Fri July 04, 2008 - Midwest Edition

Hoping to prevent a $4 million problem marring Ohio’s highway system, the Ohio Department of Transportation (ODOT) kicked off its annual spring litter cleanup by enlisting the help of an army of volunteers to prevent litter in the state’s Clear Across Ohio campaign.

Gov. Ted Strickland proclaimed April as “Keep Ohio Beautiful Month.” In celebration, ODOT has partnered with Keep Ohio Beautiful on the Great American Cleanup, which officially kicked off statewide with an event March 29 at the Street Market in Toledo.

ODOT District 11 Deputy Director Dick Bible said, “As a way to show our support and participation, our county maintenance crews throughout east-central Ohio are picking up litter today.”

Statewide, ODOT’s highway crews collected nearly 10 million pounds of trash in 2007 at a cost of $4 million in labor and equipment expenses. That’s more than 500,000 bags of litter and debris taken off the roads and grassy medians along the state highway system.

“By embracing environmental stewardship, we can all prevent litter — Clear Across Ohio,” said ODOT Director James Beasley. “To give you some perspective, the $4 million spent last year to pick up highway litter could have instead been used to pave a new 40 mile two-lane road.”
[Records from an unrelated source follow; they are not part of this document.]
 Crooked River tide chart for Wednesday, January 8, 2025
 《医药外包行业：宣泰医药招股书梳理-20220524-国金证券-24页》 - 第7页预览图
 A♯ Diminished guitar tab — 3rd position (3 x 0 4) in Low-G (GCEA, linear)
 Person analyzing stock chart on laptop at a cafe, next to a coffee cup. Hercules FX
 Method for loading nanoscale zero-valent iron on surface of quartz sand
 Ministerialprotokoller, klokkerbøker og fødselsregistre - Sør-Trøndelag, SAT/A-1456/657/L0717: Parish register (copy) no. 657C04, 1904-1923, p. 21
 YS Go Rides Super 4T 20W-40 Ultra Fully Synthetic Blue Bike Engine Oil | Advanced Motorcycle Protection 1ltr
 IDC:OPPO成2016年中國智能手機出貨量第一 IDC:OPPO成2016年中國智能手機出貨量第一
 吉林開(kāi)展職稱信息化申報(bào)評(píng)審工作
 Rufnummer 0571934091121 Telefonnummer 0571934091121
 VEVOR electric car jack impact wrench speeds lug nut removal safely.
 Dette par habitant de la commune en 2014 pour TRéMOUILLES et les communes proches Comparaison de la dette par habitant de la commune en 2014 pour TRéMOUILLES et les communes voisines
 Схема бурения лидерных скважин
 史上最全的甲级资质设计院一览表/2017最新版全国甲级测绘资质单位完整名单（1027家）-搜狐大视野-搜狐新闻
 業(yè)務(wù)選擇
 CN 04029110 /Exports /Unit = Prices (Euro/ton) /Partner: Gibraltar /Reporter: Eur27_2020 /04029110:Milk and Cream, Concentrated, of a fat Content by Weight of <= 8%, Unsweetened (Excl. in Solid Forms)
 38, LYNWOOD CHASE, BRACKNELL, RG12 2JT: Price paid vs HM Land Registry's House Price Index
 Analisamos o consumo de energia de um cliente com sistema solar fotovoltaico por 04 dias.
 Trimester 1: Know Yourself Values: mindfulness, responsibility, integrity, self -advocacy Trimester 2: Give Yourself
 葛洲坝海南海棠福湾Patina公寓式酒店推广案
The Great American Cleanup is the nation’s largest annual community improvement program. Cleanup activities are expected to involve as many as 2.5 million people volunteering more than 8 million hours to clean, beautify and improve 15,000 communities during events in all 50 states.

Ohio also has more than 1,400 groups — with at least one group in each county — who have joined ODOT’s Adopt-a-Highway program. Volunteer groups adopt a 2- mi. section or an interchange along the state highway system, picking up litter and debris a minimum of four times each year.